Review: Warrior Wolf Women of the Wasteland

Carlton Mellick has made his writing career as one of the pillars of the bizarro community.  To some, he’s already a legend.  But with his newest book, it’s easy to see that Mellick is still evolving as a storyteller.  It seems he’s no longer content to put on a weird spectacle, so he’s pushing himself into new territories.  Warrior Wolf Women is one of his longest books, and strangely enough, it’s not very genre-heavy.  The post-apocalyptic “Road Warrior” theme isn’t so prevalent in Warrior Wolf Women.  This isn’t a simple adventure of barbarism in a blighted future.  In fact, almost half of the story takes place in McDonaldland, a mega-city walled off from the wastelands (similar to the world of Judge Dredd).  The landscape of McDonaldland could’ve been its own book, but Mellick has different intentions for this story.

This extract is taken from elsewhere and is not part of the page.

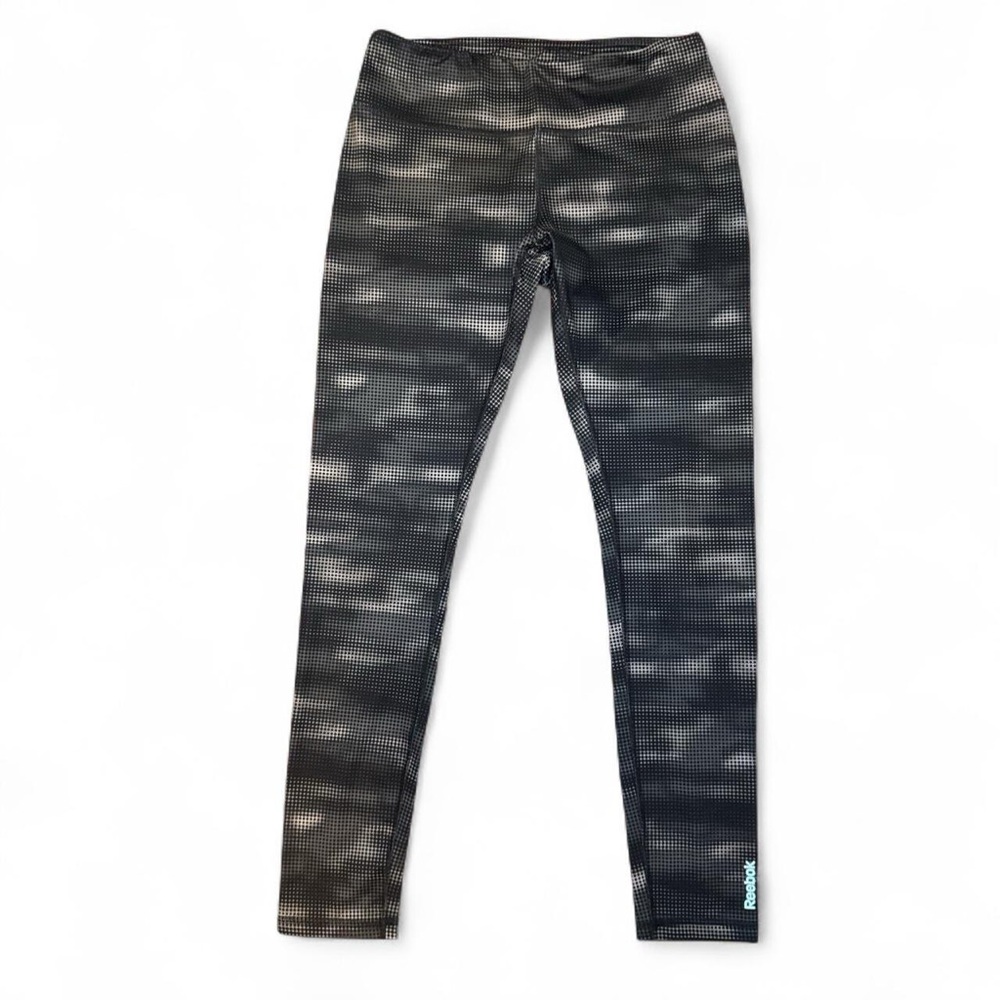 Reebok Women’s Grey Abstract Print Activewear Running Leggings - MEDIUM - Picture 3 of 8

The main character, Daniel Togg, is exiled from the city to (presumably) die in the apocalyptic wild.  Like I said earlier, what unfolds isn’t your typical post-apocalyptic story.  Warrior Wolf Women becomes a tale of a fierce battle of the sexes.  In this world, women slowly evolve into gigantic wolves while the men tend to sprout extra limbs.  Both are considered freaks in civilized society, and are thrown out of the city and into the wild.  In the wastelands, the Wolf Women enslave the men, and the men have rallied to defend themselves.  The two factions are at war with one another, and Mellick uses this setting to tell a romance between Daniel Togg and his childhood friend, November.  The two are separated by the weird gender roles society has thrust upon them.  They are trapped in a cycle, as the women kill the men to survive, and vice versa.

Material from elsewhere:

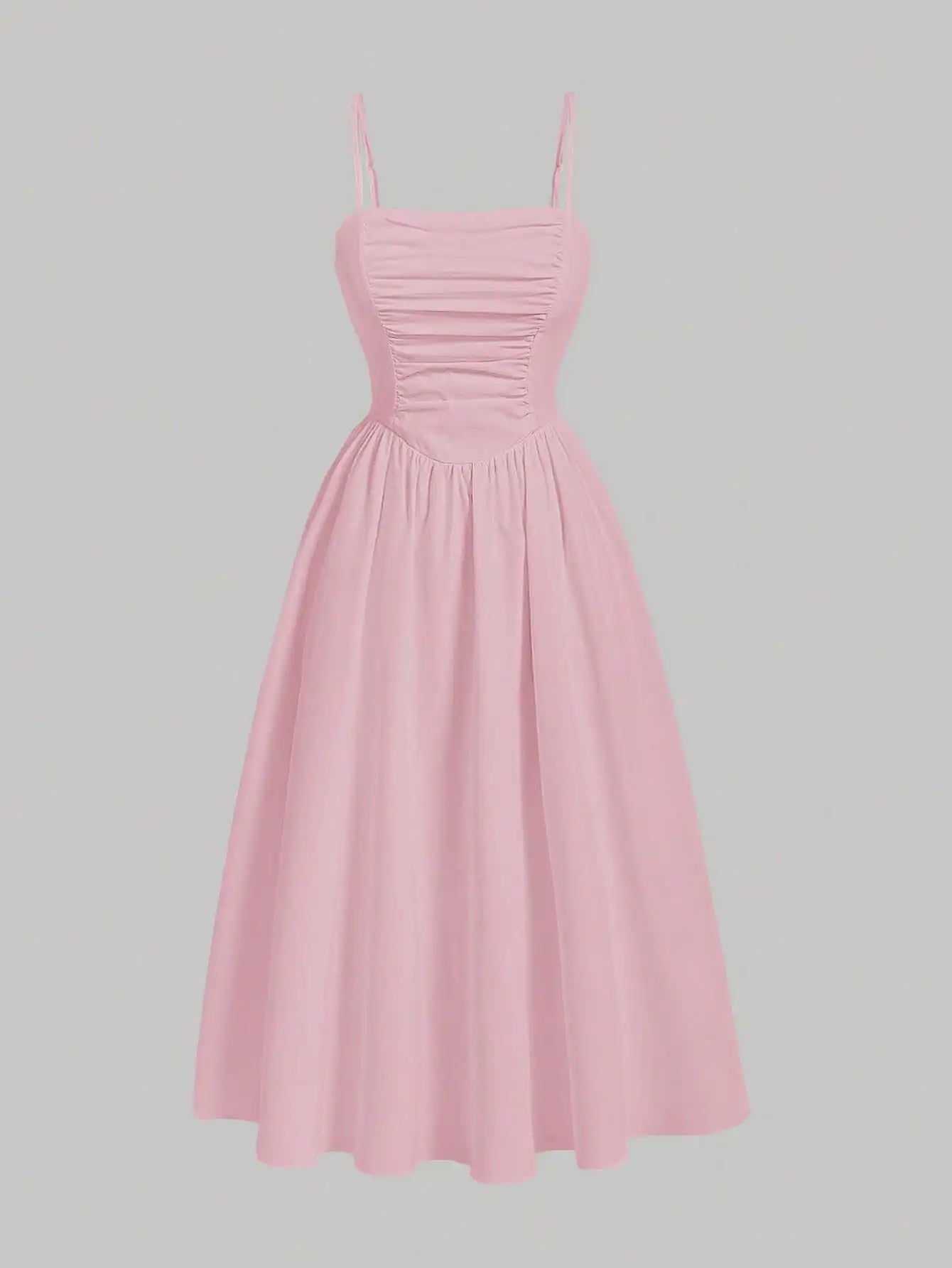 Elegant Floral Print Pleated Midi Slip Dress For Women Spring Summer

Some characters manage to break out of the prescribed roles of this world.  The characters of Krall and Slayer seem to have some sort of loving relationship, founded on the fact that they aren’t your typical man or woman.  They’re society’s exceptions to the rules, the ones who fall through the cracks.  Because of this, they manage to create a real relationship when everyone else seems totally trapped by society’s gender roles.  And as Mellick peels back the layers of this social structure, we see just how weird and depraved this gender separation can be.  When Daniel discovers the secret schemes of the war between male and female, it’s absolutely stomach-churning.

Warrior Wolf Women of the Wasteland is a pretty good tale, and it might go down as one of Mellick’s most thoughtful bizarro books.  It was exciting, strange, violent, and sexual, but don’t expect a simple action story in the vein of “Mad Max.”  There are plenty of crazy battles, but these scenes only serve a greater theme in the story.  Despite the grittiness, this story has a lot of heart.  Besides the theme of abusive gender roles, I thought Warrior Wolf Women was similar to “The Island of Dr. Moreau,” a meditation on the animalism of humanity and the sort of atrocities we commit against one another.  There’s a lot going on for this book, and strangely enough, I haven’t really spoiled anything for you.  Make sure you read this one.